▶ **Problem description**
Reproduce exactly the lines below from the one containing "Solution Square" through the one containing "Fluke 1738/EUS hálózat", including both, and nothing else.

▶ **Entries supplied**
-- Opening Marker --

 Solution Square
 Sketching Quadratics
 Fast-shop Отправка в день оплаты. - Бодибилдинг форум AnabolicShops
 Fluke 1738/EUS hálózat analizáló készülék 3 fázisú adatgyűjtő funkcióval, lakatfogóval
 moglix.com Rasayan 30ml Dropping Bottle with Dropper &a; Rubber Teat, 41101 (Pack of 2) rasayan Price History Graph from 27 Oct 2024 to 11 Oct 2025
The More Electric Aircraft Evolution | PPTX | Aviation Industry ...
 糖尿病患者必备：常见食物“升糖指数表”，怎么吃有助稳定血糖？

-- Closing Marker --
-- Opening Marker --

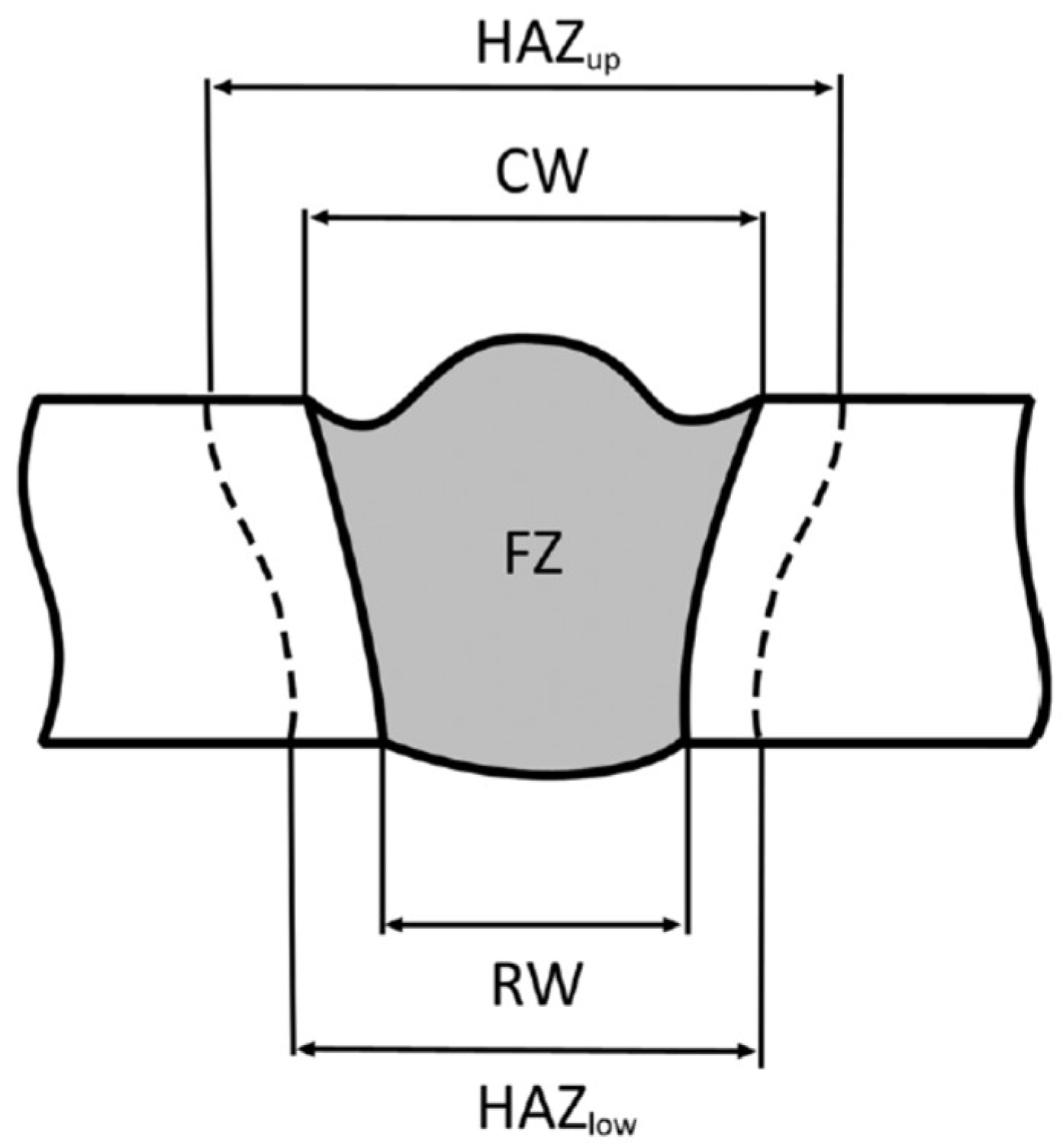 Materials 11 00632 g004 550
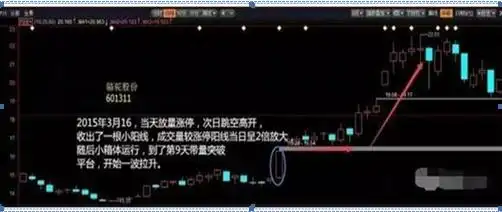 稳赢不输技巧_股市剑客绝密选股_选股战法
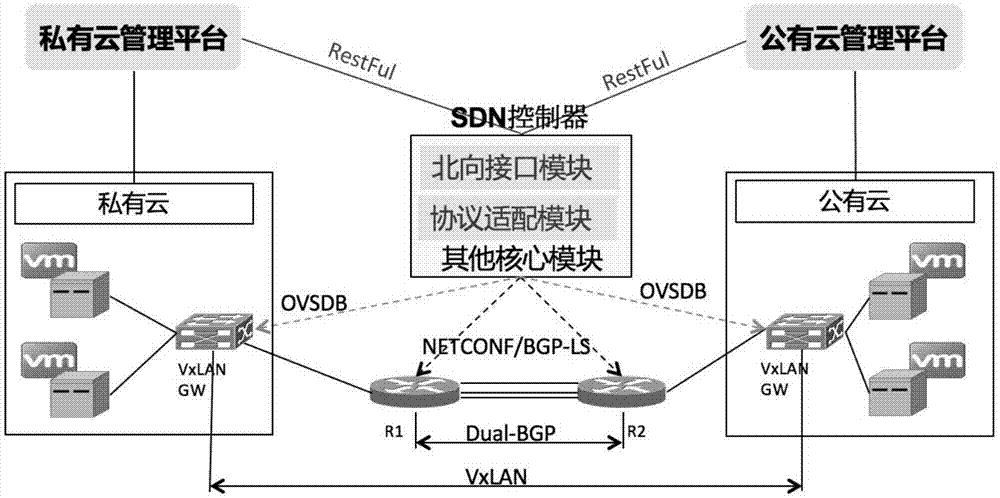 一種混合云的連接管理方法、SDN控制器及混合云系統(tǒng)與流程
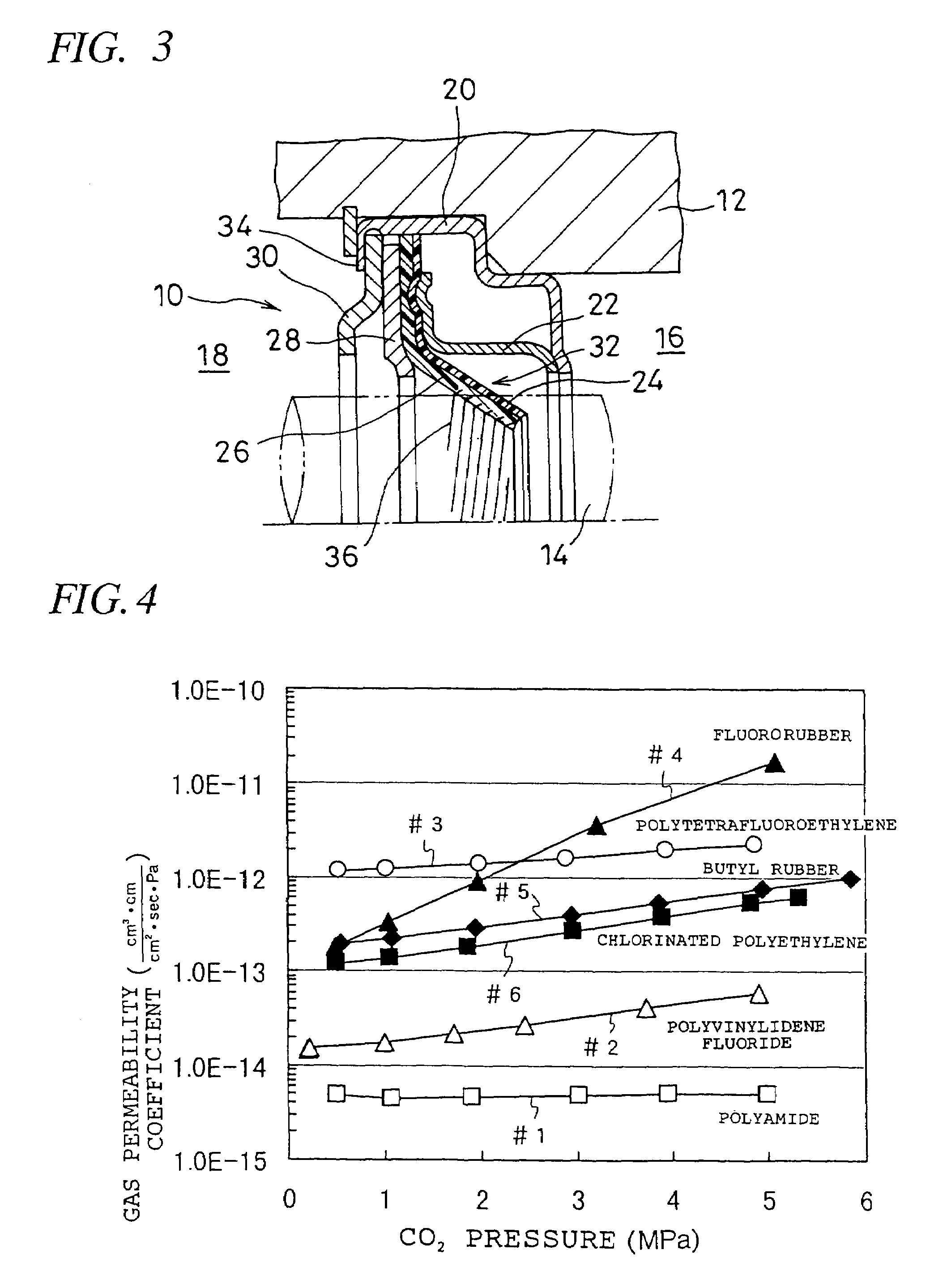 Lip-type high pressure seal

-- Closing Marker --

▶ **The completed task**
 Solution Square
 Sketching Quadratics
 Fast-shop Отправка в день оплаты. - Бодибилдинг форум AnabolicShops
 Fluke 1738/EUS hálózat analizáló készülék 3 fázisú adatgyűjtő funkcióval, lakatfogóval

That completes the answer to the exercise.